20. Sonntag nach Trinitatis

Markus 10,2-9


Wenn wir vor dem Spiegel stehen, können wir uns dann gerade in die Augen schauen? Haben wir den Mut, durch unsere Augen hindurch in unser Herz zu blicken? Und können wir dann sagen: „Ja, ich stehe zu dem, was ich sage und tue. Ich bin einverstanden mit mir selbst, mit meinem Reden und Handeln.“?

Vergessen wir mal für einen Moment alles, was wir von Kirche und Bibel und Glauben wissen, von Gott und von Mose und Jesus, von den zehn Geboten und von der Bergpredigt. Dann bleibt immer noch das drängende innere Bedürfnis, anständig zu sein oder als solches zu gelten, gerechtfertigt zu sein in dem, was wir sagen und tun. 

„Gewissen“ können wir das nennen oder „Über-Ich“. Von der Erziehung kann das kommen, der familiären oder der gesellschaftlichen, oder aus der natürlichen Veranlagung heraus. 

Bei manchen ist das Gewissen vielleicht schwach ausgebildet, manche haben vielleicht gar keins. Aber im Großen und Ganzen möchten wir doch gewissen Erwartungen und Werten entsprechen, höheren und sehr grundsätzlichen Erwartungen und Werten, an denen unser Selbstwertgefühl und unsere Selbstachtung hängen und der Respekt, den wir uns von anderen wünschen.

Welche Erwartungen und Werte sind es, die uns so bedrängen? Woher kommen sie? 

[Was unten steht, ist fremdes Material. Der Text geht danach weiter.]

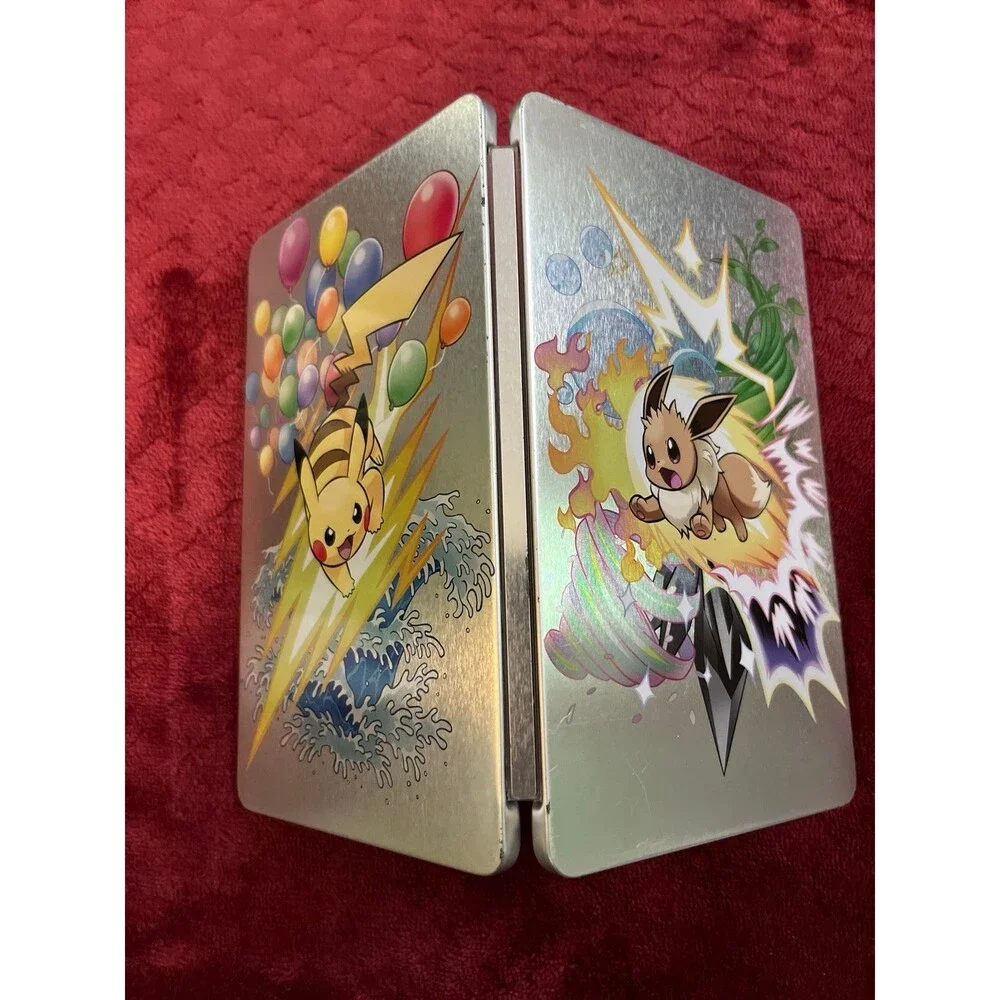 Pokémon Let's Go Pikachu Eevee Nintendo Switch SteelBook Case ONLY NO DENTS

Sie können, wie gesagt, anerzogen sein, sie können aus der Gesellschaft an uns herangetragen sein. Sie können auch religiöse Quellen haben: die Bibel, die 10 Gebote, die Bergpredigt, der Wille Gottes. Vielleicht liegen sie einfach in der Natur des Menschen, die ja mehr ist als Natur. Wir sind ja auch Kulturwesen, die über sich selbst und das ganze Sein nachdenken können und sich in einem vernünftigen, akzeptablen, mit Sinn erfüllten Kontext bewegen möchten. 

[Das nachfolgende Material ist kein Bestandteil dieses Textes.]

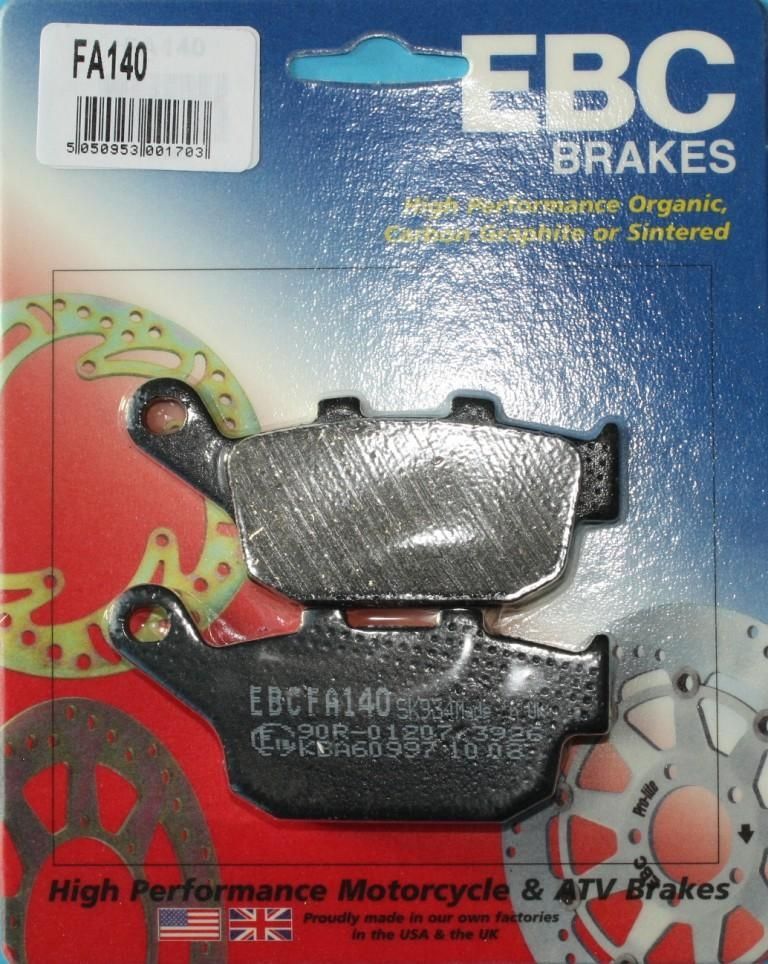 2009-2013 Yamaha Xj 6 Diversion F Arka Fren Balatası Ebc Fa140 Or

Was ist gut und was ist böse, was darf ich, was darf ich nicht? Solche Fragen stellen sich nicht für das Tier. Sie stellen sich aber uns als Menschen, ob wir nun religiös sind oder nicht. 

Wir können nicht wertfrei leben. Aber welche Werte gelten? Nach welchen Werten sollen wir leben und wollen wir leben? Das kann eine ganz schwierige Frage sein. Und die kann nicht nur theoretisch, sondern auch ganz praktisch schwierig sein: Wenn wir nämlich z. B. etwas für gut und richtig befunden haben, uns dann aber schwer tun, uns nach unserer eigenen Einsicht zu verhalten. Das macht gerade das Thema deutlich, um das es im heutigen Predigttext geht: Wenn wir verheiratet sind, dürfen wir uns dann wieder scheiden lassen?

Diese Frage wurde an Jesus herangetragen. Er lässt die Frager zunächst selbst antworten - mit dem Hinweis auf Mose. Sie antworten: „Mose hat es zugelassen, sich scheiden zu lassen.“ Darauf antwortet Jesus: „Er hat es zugelassen um eures Herzens Härte willen.“

Jesus interpretiert Mose so: Eigentlich ist Scheidung nicht in Ordnung. Aber manchmal ist der Mensch nicht in der Lage, eine Ehe aufrechtzuerhalten. Dann soll, ganz pragmatisch entschieden, eine Scheidung möglich sein - mit Scheidebrief, d. h. in einem geordneten Verfahren. 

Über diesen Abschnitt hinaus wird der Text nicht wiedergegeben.